Primary key / unique key	Determines UPSERT capability; immutable	"Does this table need deduplication or updates by a unique key? If so, which column(s)?"
Main query conditions	Determines distribution_key, clustering_key, bitmap	"What columns are most often used in WHERE, JOIN, or GROUP BY?"

Conditionally Required

Ask these only when relevant signals appear:

Signal	Follow-up Question
--------	-------------------
Table looks like time-series or log data	"What is the estimated daily data volume? (determines whether to use partitioning)"
User mentions JOIN with other tables	"Which column will this table JOIN on, and what is the distribution_key of the other table?"
Large data volume or mentions retention	"How long should data be retained? (recommend dynamic partition management for lifecycle)"
User mentions both analytics and serving	"What is the read pattern — batch scans, point lookups by ID, or both?"

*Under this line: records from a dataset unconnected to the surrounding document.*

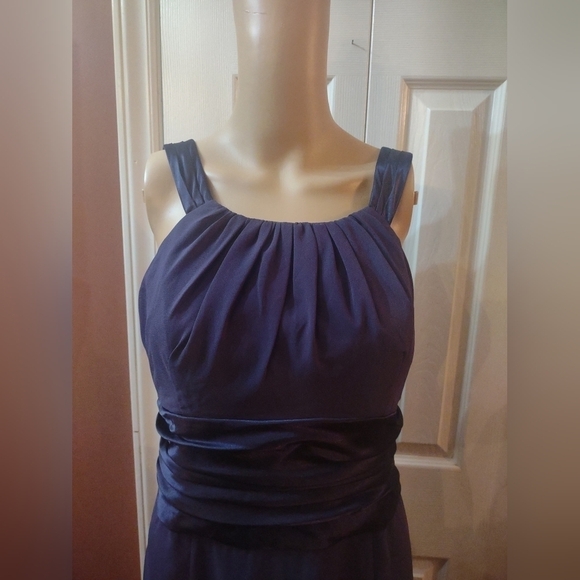 David's bridal women's size 10 tie back dark purple formal prom wedding dress - Picture 2 of 9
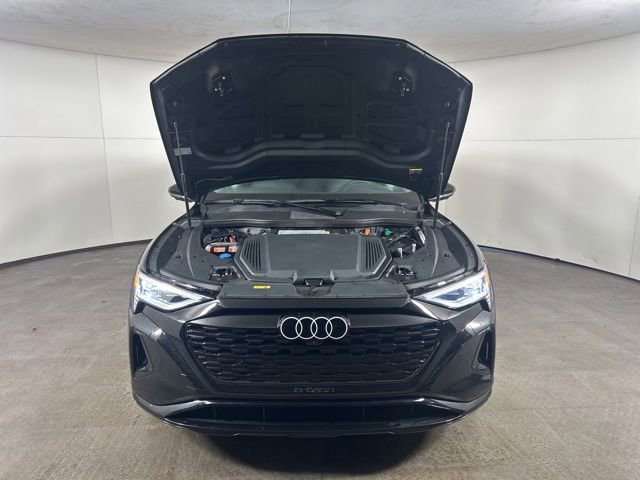 Used 2024 Audi Q8 e-tron Premium Plus w/ Premium Plus Package image 34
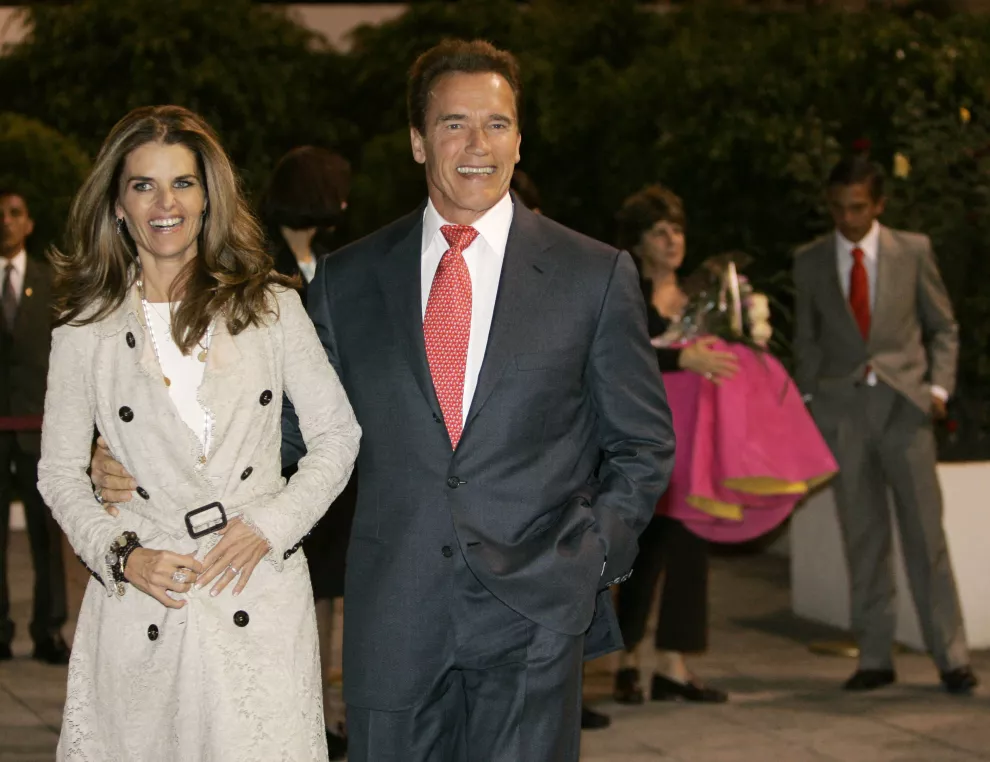 En 2006, el entonces gobernador de California Arnold Schwarzenegger llegaba a la Ciudad de México con la primera dama Maria Shriver. (AP Foto/Marcio José Sánchez, archivo)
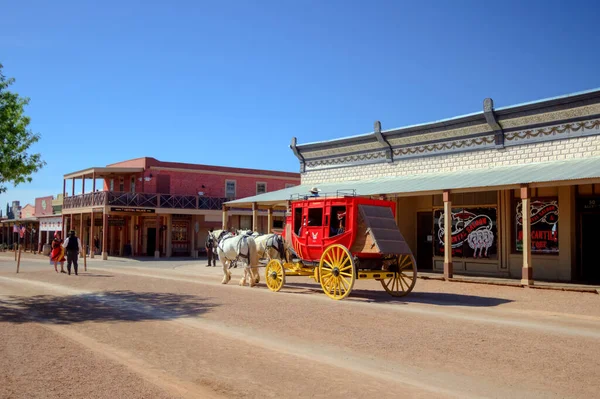 Tombstone Arizona Eua Maio 2019 Stagecoach Cowboy Garota Salão Nas — Fotografia de Stock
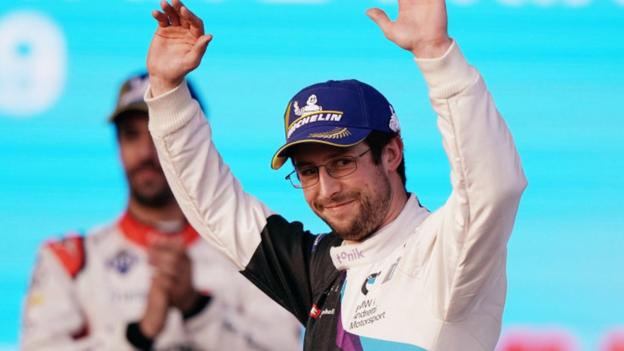 الجولة الثانية من بطولة العالم للفورميلا الكهربائية (Formula e) – الدرعية.. فوز مزدوج لفريق BMW بقيادة سيمز الجولة الثانية من بطولة العالم للفورميلا الكهربائية (Formula e) – الدرعية.. فوز مزدوج لفريق BMW بقيادة سيمز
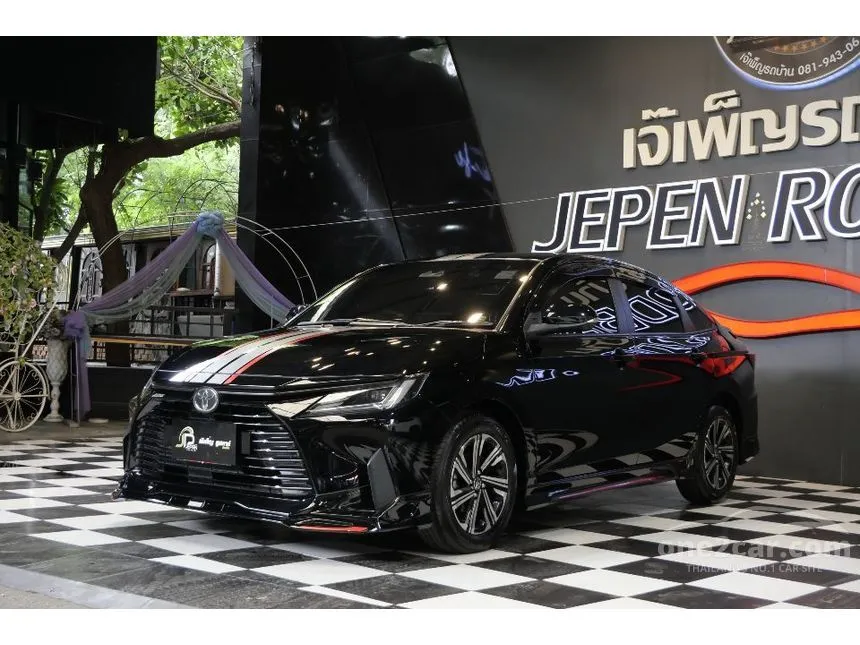 2023 Toyota Yaris Ativ Smart Sedan
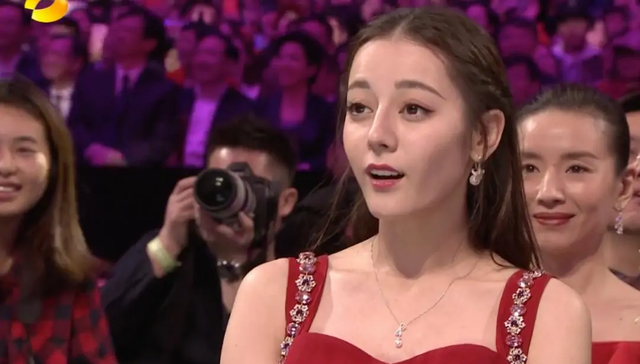 迪丽热巴|演员获奖时表情：周冬雨当场愣住，热巴从容捂胸，王菲：我应得的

Can Use Defaults (No Need to Ask)

Property	Default Behavior
----------	-----------------
`bitmap_columns`	Auto-enabled for TEXT columns; can ALTER later
`dictionary_encoding_columns`	Use `:auto` mode; can ALTER later
`storage_mode`	Default `hot`; can ALTER later
`time_to_live_in_seconds`	Not recommended. Deletion time is non-deterministic. Use dynamic partition management instead

Gathering Flow

User request → Check available info
  |
  +-- Columns + query pattern + key info all clear?
  |     → Generate DDL directly
  |
  +-- Missing critical info?
  |     → Ask 1-3 focused questions (batch them, don't ask one at a time)
  |
  +-- Very vague request (e.g., "help me create a user table")?
        → Ask: 1) main columns  2) query pattern  3) key/dedup needs

> Principle: Batch questions into a single round. Never ask more than 3-4 questions at once. If the user provides partial info, fill in reasonable defaults for the rest and explain your assumptions in comments.

Storage Formats

Choose the storage format based on your primary query pattern.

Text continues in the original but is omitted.